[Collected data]
------------------------------------------------

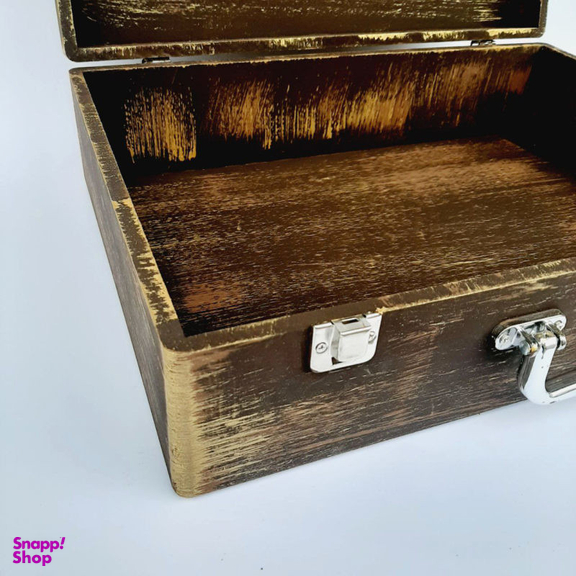 جعبه هدیه چوبی مدل چمدان طرح خطاطی کد WSL595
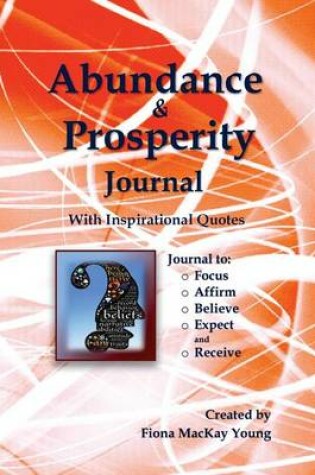 Cover of Abundance & Prosperity Journal with Inspirational Quotes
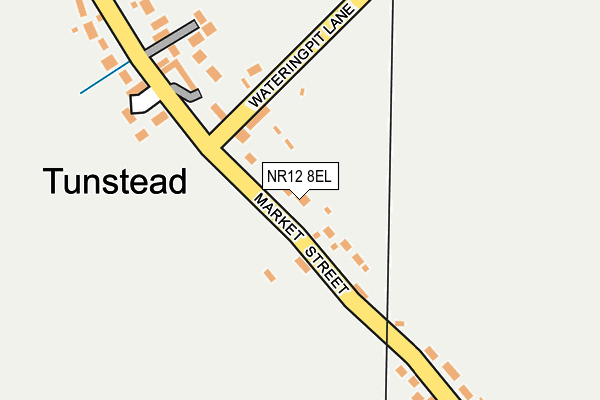 NR12 8EL map - OS OpenMap – Local (Ordnance Survey)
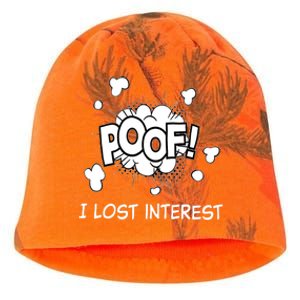 Poof I Lost Interest Funny Adhd Sarcastic Kati - Camo Knit Beanie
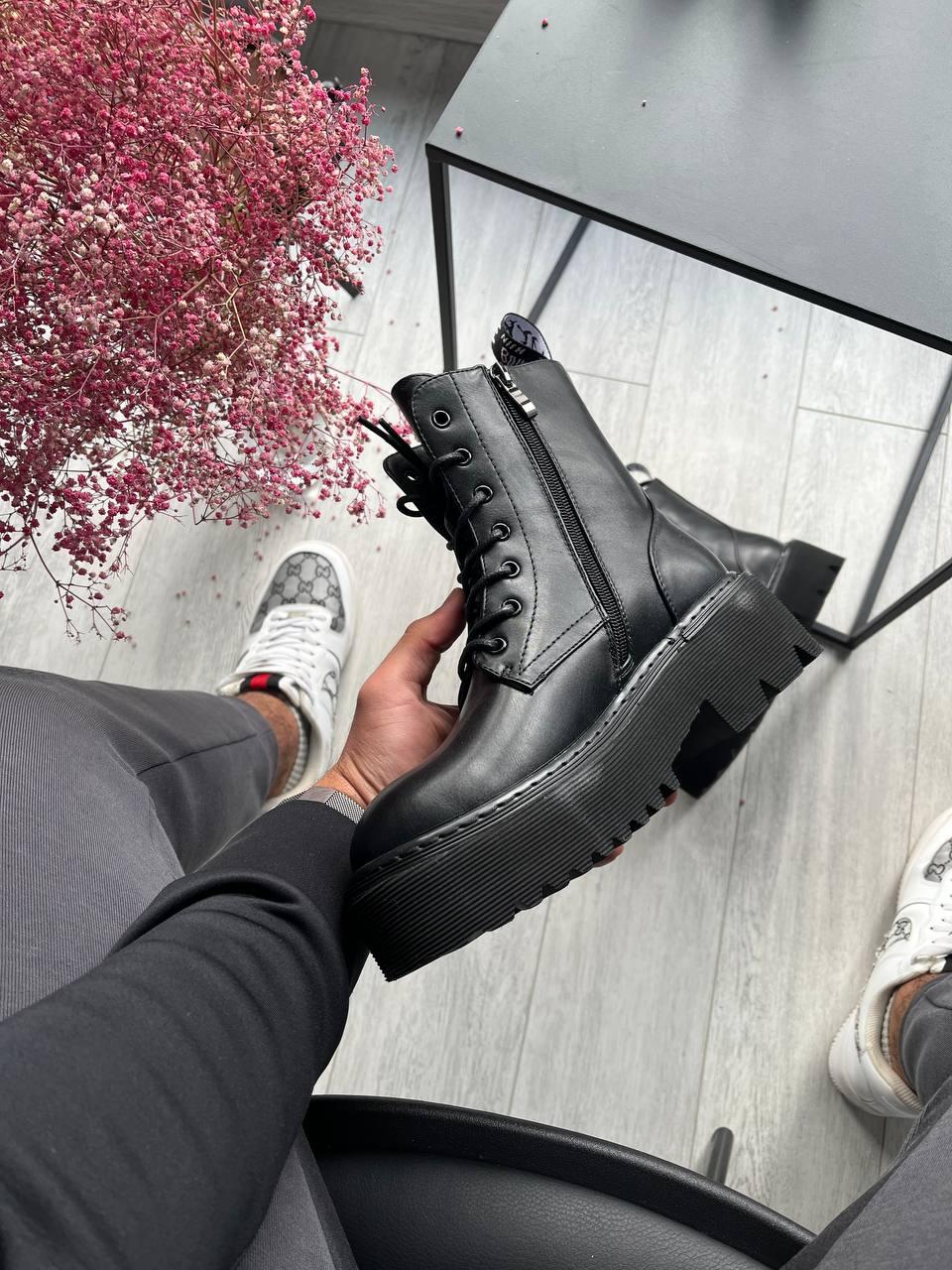Dr. Martens JADON Full Black No Logo (Молнія)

------------------------------------------------

DIRECTIONS
Line by line, print the records above exactly, skipping each picture.

SOLUTION BELOW
 جعبه هدیه چوبی مدل چمدان طرح خطاطی کد WSL595
 Cover of Abundance & Prosperity Journal with Inspirational Quotes
 NR12 8EL map - OS OpenMap – Local (Ordnance Survey)
 Poof I Lost Interest Funny Adhd Sarcastic Kati - Camo Knit Beanie
Dr. Martens JADON Full Black No Logo (Молнія)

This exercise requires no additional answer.